Data records
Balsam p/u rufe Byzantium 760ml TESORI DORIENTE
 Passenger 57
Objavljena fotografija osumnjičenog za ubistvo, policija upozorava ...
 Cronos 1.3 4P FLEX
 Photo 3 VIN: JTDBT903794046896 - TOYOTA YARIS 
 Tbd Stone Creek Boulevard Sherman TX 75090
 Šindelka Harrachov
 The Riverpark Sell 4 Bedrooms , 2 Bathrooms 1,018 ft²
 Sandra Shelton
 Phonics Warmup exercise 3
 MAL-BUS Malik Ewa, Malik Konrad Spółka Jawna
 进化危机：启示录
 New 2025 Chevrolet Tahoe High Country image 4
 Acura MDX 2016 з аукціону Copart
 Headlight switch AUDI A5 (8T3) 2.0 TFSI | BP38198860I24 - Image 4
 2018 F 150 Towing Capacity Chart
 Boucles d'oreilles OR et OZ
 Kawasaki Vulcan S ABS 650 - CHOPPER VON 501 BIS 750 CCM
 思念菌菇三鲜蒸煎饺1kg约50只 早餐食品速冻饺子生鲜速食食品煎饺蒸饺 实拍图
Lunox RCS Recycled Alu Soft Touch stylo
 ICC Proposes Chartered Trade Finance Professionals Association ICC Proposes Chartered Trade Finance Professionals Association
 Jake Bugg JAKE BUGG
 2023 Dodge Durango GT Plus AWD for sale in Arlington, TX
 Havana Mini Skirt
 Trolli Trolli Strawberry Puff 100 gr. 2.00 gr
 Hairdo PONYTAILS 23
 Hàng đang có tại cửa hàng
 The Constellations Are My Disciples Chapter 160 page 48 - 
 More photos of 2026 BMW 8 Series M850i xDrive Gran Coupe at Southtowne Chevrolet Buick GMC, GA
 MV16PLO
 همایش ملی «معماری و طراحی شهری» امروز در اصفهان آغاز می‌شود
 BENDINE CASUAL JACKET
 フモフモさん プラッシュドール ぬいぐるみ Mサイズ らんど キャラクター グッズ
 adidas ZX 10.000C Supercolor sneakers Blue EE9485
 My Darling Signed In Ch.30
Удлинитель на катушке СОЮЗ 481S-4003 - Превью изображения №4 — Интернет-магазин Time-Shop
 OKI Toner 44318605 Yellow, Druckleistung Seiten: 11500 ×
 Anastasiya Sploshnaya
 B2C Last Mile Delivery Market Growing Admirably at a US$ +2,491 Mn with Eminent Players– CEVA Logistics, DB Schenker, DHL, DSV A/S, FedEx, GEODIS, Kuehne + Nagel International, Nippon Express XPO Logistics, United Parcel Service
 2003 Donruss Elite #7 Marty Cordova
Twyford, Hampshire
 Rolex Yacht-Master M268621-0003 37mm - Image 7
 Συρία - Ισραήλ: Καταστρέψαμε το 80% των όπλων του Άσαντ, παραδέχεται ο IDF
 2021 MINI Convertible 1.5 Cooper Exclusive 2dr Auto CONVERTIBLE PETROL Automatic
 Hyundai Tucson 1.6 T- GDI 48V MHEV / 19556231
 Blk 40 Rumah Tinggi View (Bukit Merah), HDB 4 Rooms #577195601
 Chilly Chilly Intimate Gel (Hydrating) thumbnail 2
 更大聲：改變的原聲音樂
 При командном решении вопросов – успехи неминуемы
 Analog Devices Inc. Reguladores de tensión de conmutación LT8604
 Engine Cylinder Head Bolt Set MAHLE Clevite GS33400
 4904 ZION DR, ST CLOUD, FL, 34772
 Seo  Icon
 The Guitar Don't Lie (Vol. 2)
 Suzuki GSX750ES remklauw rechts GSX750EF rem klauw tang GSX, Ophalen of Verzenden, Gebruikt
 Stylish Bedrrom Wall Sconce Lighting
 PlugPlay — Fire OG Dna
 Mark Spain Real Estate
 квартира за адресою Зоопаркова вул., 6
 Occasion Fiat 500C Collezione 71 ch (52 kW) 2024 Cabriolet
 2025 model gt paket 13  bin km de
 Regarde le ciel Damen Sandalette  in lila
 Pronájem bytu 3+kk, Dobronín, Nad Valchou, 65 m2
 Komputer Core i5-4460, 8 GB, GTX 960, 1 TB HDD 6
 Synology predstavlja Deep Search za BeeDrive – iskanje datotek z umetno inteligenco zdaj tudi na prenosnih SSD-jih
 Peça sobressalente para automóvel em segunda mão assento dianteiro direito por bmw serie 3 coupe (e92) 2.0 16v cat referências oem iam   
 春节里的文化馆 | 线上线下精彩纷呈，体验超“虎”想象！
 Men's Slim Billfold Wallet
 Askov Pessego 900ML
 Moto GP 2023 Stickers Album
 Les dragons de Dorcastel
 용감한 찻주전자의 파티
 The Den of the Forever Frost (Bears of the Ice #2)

--- To do ---
Please report how many lines of the entries above contain the string "Chevrolet". Reply with only the number.

--- Solution ---
2